TASK DETAILS -
The required output is the complete data, repeated without alteration.
──────── DATA EXCERPTS ────────
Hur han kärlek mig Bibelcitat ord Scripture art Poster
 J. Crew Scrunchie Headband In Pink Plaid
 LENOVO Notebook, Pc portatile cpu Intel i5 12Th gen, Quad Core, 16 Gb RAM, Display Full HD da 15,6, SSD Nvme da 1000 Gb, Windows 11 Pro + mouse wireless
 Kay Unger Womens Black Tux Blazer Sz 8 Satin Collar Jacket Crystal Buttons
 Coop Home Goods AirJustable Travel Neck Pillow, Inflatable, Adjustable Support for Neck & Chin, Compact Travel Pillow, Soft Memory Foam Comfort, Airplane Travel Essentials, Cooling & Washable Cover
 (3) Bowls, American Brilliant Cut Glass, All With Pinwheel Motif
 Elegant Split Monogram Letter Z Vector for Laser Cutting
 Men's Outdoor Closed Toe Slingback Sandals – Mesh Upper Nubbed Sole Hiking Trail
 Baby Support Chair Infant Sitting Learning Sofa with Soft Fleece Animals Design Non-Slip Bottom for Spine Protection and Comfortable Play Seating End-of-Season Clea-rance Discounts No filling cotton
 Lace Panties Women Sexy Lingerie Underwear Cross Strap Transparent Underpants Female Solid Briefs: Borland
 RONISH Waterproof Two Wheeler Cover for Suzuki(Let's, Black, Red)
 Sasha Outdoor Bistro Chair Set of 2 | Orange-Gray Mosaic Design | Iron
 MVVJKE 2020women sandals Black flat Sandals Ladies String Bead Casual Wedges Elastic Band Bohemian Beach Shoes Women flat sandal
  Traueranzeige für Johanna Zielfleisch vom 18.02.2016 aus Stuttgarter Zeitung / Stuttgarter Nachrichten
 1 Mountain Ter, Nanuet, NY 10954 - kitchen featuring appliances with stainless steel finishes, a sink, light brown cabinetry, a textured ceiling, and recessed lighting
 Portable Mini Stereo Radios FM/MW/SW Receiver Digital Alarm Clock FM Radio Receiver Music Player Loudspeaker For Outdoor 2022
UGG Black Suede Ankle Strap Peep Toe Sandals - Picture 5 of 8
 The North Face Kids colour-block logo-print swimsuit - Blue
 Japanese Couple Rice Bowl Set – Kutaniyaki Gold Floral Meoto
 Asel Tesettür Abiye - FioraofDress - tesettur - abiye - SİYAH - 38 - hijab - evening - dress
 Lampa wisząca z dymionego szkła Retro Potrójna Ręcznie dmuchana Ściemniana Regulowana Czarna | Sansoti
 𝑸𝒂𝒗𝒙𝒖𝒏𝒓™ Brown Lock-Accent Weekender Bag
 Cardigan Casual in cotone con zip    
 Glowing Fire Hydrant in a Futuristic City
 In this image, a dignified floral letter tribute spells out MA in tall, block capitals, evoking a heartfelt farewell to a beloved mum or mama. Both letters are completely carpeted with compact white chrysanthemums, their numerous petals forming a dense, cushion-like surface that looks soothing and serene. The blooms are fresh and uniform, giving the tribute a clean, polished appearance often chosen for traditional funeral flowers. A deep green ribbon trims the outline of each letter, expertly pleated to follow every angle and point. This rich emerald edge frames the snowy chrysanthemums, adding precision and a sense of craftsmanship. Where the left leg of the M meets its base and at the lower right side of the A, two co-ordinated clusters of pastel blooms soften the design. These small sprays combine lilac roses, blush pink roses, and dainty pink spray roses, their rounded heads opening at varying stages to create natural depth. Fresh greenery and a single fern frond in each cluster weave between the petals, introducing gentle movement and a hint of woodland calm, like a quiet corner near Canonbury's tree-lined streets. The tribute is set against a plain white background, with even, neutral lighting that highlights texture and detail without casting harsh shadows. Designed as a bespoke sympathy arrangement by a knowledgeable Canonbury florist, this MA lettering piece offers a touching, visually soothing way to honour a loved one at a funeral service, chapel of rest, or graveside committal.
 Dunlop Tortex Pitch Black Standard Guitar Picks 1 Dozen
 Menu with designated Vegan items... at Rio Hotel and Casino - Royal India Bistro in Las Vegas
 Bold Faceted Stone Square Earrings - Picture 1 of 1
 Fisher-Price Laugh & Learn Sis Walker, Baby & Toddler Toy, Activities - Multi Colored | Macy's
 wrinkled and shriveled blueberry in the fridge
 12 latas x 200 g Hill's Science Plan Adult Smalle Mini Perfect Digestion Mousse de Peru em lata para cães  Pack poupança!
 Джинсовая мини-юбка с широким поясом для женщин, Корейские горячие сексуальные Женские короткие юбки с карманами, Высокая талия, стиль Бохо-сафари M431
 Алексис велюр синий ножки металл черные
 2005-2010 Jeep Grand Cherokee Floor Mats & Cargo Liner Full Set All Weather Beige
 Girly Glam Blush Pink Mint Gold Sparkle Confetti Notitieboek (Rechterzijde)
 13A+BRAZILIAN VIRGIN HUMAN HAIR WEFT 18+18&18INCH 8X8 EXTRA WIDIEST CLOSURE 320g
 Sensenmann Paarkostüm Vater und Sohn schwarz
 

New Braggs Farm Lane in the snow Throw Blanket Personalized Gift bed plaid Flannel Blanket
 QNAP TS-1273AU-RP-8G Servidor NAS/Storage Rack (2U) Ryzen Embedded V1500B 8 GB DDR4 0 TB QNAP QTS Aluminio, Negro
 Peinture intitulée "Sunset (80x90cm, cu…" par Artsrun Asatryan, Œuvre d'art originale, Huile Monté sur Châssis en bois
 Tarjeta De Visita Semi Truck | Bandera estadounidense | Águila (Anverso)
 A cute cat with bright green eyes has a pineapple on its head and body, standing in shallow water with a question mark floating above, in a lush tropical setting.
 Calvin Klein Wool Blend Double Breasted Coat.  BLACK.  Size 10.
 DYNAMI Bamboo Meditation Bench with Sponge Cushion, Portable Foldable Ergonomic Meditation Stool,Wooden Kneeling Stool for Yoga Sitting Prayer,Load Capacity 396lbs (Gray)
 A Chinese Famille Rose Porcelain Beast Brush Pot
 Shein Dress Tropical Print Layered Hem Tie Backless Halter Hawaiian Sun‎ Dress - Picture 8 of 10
────────
ANSWER SECTION -
Hur han kärlek mig Bibelcitat ord Scripture art Poster
 J. Crew Scrunchie Headband In Pink Plaid
 LENOVO Notebook, Pc portatile cpu Intel i5 12Th gen, Quad Core, 16 Gb RAM, Display Full HD da 15,6, SSD Nvme da 1000 Gb, Windows 11 Pro + mouse wireless
 Kay Unger Womens Black Tux Blazer Sz 8 Satin Collar Jacket Crystal Buttons
 Coop Home Goods AirJustable Travel Neck Pillow, Inflatable, Adjustable Support for Neck & Chin, Compact Travel Pillow, Soft Memory Foam Comfort, Airplane Travel Essentials, Cooling & Washable Cover
 (3) Bowls, American Brilliant Cut Glass, All With Pinwheel Motif
 Elegant Split Monogram Letter Z Vector for Laser Cutting
 Men's Outdoor Closed Toe Slingback Sandals – Mesh Upper Nubbed Sole Hiking Trail
 Baby Support Chair Infant Sitting Learning Sofa with Soft Fleece Animals Design Non-Slip Bottom for Spine Protection and Comfortable Play Seating End-of-Season Clea-rance Discounts No filling cotton
 Lace Panties Women Sexy Lingerie Underwear Cross Strap Transparent Underpants Female Solid Briefs: Borland
 RONISH Waterproof Two Wheeler Cover for Suzuki(Let's, Black, Red)
 Sasha Outdoor Bistro Chair Set of 2 | Orange-Gray Mosaic Design | Iron
 MVVJKE 2020women sandals Black flat Sandals Ladies String Bead Casual Wedges Elastic Band Bohemian Beach Shoes Women flat sandal
  Traueranzeige für Johanna Zielfleisch vom 18.02.2016 aus Stuttgarter Zeitung / Stuttgarter Nachrichten
 1 Mountain Ter, Nanuet, NY 10954 - kitchen featuring appliances with stainless steel finishes, a sink, light brown cabinetry, a textured ceiling, and recessed lighting
 Portable Mini Stereo Radios FM/MW/SW Receiver Digital Alarm Clock FM Radio Receiver Music Player Loudspeaker For Outdoor 2022
UGG Black Suede Ankle Strap Peep Toe Sandals - Picture 5 of 8
 The North Face Kids colour-block logo-print swimsuit - Blue
 Japanese Couple Rice Bowl Set – Kutaniyaki Gold Floral Meoto
 Asel Tesettür Abiye - FioraofDress - tesettur - abiye - SİYAH - 38 - hijab - evening - dress
 Lampa wisząca z dymionego szkła Retro Potrójna Ręcznie dmuchana Ściemniana Regulowana Czarna | Sansoti
 𝑸𝒂𝒗𝒙𝒖𝒏𝒓™ Brown Lock-Accent Weekender Bag
 Cardigan Casual in cotone con zip    
 Glowing Fire Hydrant in a Futuristic City
 In this image, a dignified floral letter tribute spells out MA in tall, block capitals, evoking a heartfelt farewell to a beloved mum or mama. Both letters are completely carpeted with compact white chrysanthemums, their numerous petals forming a dense, cushion-like surface that looks soothing and serene. The blooms are fresh and uniform, giving the tribute a clean, polished appearance often chosen for traditional funeral flowers. A deep green ribbon trims the outline of each letter, expertly pleated to follow every angle and point. This rich emerald edge frames the snowy chrysanthemums, adding precision and a sense of craftsmanship. Where the left leg of the M meets its base and at the lower right side of the A, two co-ordinated clusters of pastel blooms soften the design. These small sprays combine lilac roses, blush pink roses, and dainty pink spray roses, their rounded heads opening at varying stages to create natural depth. Fresh greenery and a single fern frond in each cluster weave between the petals, introducing gentle movement and a hint of woodland calm, like a quiet corner near Canonbury's tree-lined streets. The tribute is set against a plain white background, with even, neutral lighting that highlights texture and detail without casting harsh shadows. Designed as a bespoke sympathy arrangement by a knowledgeable Canonbury florist, this MA lettering piece offers a touching, visually soothing way to honour a loved one at a funeral service, chapel of rest, or graveside committal.
 Dunlop Tortex Pitch Black Standard Guitar Picks 1 Dozen
 Menu with designated Vegan items... at Rio Hotel and Casino - Royal India Bistro in Las Vegas
 Bold Faceted Stone Square Earrings - Picture 1 of 1
 Fisher-Price Laugh & Learn Sis Walker, Baby & Toddler Toy, Activities - Multi Colored | Macy's
 wrinkled and shriveled blueberry in the fridge
 12 latas x 200 g Hill's Science Plan Adult Smalle Mini Perfect Digestion Mousse de Peru em lata para cães  Pack poupança!
 Джинсовая мини-юбка с широким поясом для женщин, Корейские горячие сексуальные Женские короткие юбки с карманами, Высокая талия, стиль Бохо-сафари M431
 Алексис велюр синий ножки металл черные
 2005-2010 Jeep Grand Cherokee Floor Mats & Cargo Liner Full Set All Weather Beige
 Girly Glam Blush Pink Mint Gold Sparkle Confetti Notitieboek (Rechterzijde)
 13A+BRAZILIAN VIRGIN HUMAN HAIR WEFT 18+18&18INCH 8X8 EXTRA WIDIEST CLOSURE 320g
 Sensenmann Paarkostüm Vater und Sohn schwarz
 

New Braggs Farm Lane in the snow Throw Blanket Personalized Gift bed plaid Flannel Blanket
 QNAP TS-1273AU-RP-8G Servidor NAS/Storage Rack (2U) Ryzen Embedded V1500B 8 GB DDR4 0 TB QNAP QTS Aluminio, Negro
 Peinture intitulée "Sunset (80x90cm, cu…" par Artsrun Asatryan, Œuvre d'art originale, Huile Monté sur Châssis en bois
 Tarjeta De Visita Semi Truck | Bandera estadounidense | Águila (Anverso)
 A cute cat with bright green eyes has a pineapple on its head and body, standing in shallow water with a question mark floating above, in a lush tropical setting.
 Calvin Klein Wool Blend Double Breasted Coat.  BLACK.  Size 10.
 DYNAMI Bamboo Meditation Bench with Sponge Cushion, Portable Foldable Ergonomic Meditation Stool,Wooden Kneeling Stool for Yoga Sitting Prayer,Load Capacity 396lbs (Gray)
 A Chinese Famille Rose Porcelain Beast Brush Pot
 Shein Dress Tropical Print Layered Hem Tie Backless Halter Hawaiian Sun‎ Dress - Picture 8 of 10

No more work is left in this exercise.